Deutscher Gewerkschaftsbund - Pressemitteilung vom 1.1.2019

Neue DGB-Analyse vier Jahre nach Einführung des gesetzlichen Mindestlohns

Mindestlohn sorgt für mehr Lohn und Beschäftigung - Gesetzgeber muss Tarifbindung stärken


Der gesetzliche Mindestlohn steigt zum 1. Januar 2019 auf 9,19 Euro. Vier Jahre nach seiner Einführung zieht der DGB eine positive Bilanz. DGB-Vorstandsmitglied Stefan Körzell sagte am Dienstag in Berlin:

"Der gesetzliche Mindestlohn hat für viele Beschäftigte mehr Lohn gebracht, er hat den privaten Konsum angekurbelt und so zum aktuellen Aufschwung beigetragen. Die sozialversicherungspflichtige Beschäftigung ist heute auf einem Höchststand. Die Unkenrufe von Arbeitgebern und Wirtschaftsforschern, es werde zu Arbeitsplatzverlusten führen, haben sich nicht bestätigt."
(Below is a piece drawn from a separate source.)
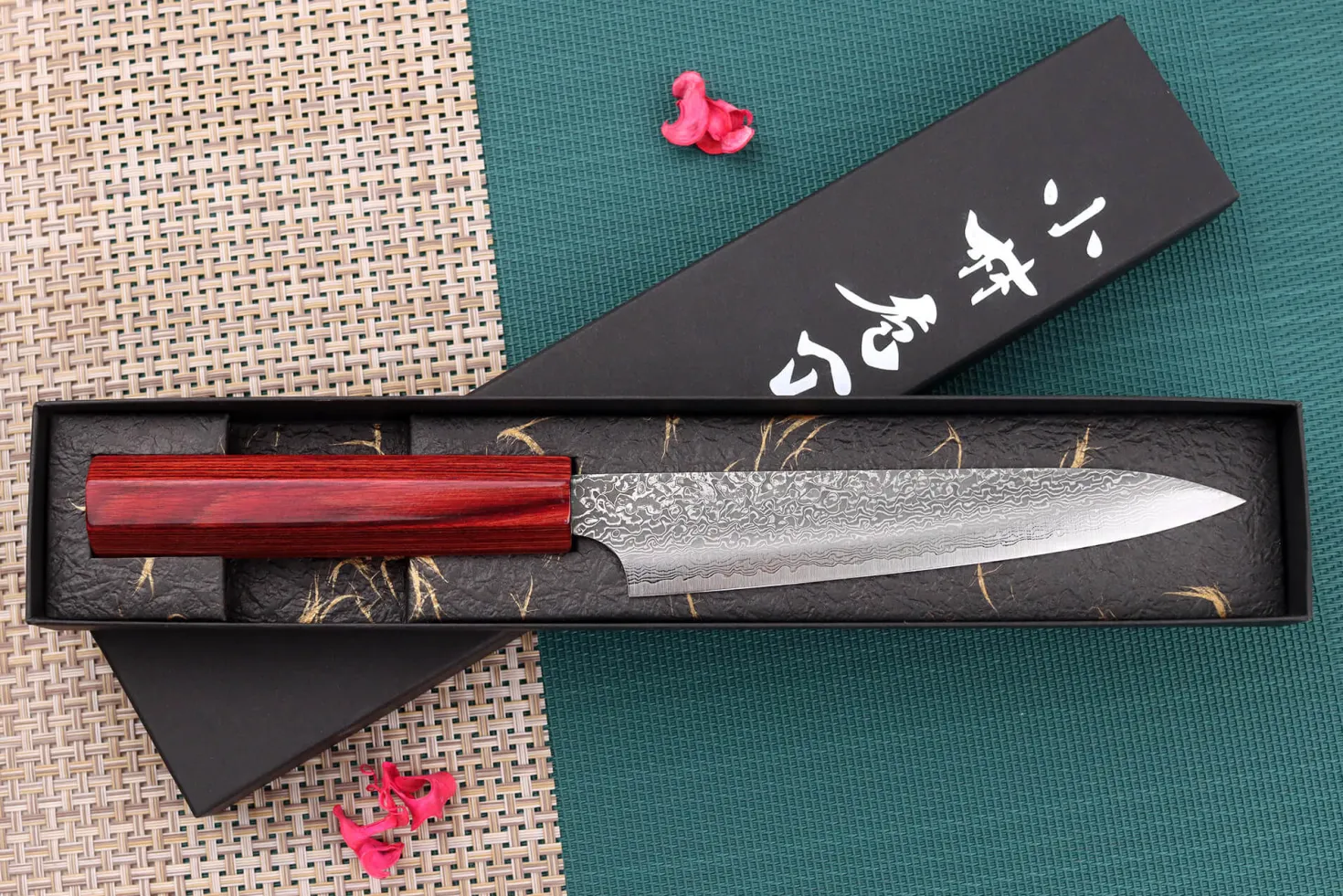 Couteau universel japonais artisanal Kei Kobayashi SG2 Damas Heptagone 15cm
Dennoch sieht Körzell Verbesserungsbedarf: "Als größtem Auftraggeber obliegt es dem Staat, dafür zu sorgen, dass er seine Aufträge nur an tarifgebundene Unternehmen vergibt. Überdies ist der gesetzliche Mindestlohn als unterste Haltelinie heute nicht existenzsichernd. Er muss mittelfristig steigen und armutsfest sein."

Nach wie vor gebe es Betrügereien auf Arbeitgeberseite, deshalb "muss hier mehr kontrolliert werden. Die zuständige Finanzkontrolle Schwarzarbeit braucht mehr Personal und muss verstärkt verdachtsunabhängig Stichproben machen können. Wer Gesetze nicht wirkungsvoll kontrolliert, sorgt für Gerechtigkeitslücken und verspielt Glaubwürdigkeit."

Neue DGB-Analyse:

Eine aktuelle DGB-Auswertung neuer Zahlen des Statistischen Bundesamtes und der Bundesagentur für Arbeit belegt die positiven Effekte auf die Verdienst- und Beschäftigungsentwicklung. Sowohl die sozialversicherungspflichtige Beschäftigung als auch die Löhne haben sich seit Einführung des gesetzlichen Mindestlohns Anfang 2015 positiv entwickelt. (Betrachtungszeitraum Anfang 2015 bis 2. Quartal 2018)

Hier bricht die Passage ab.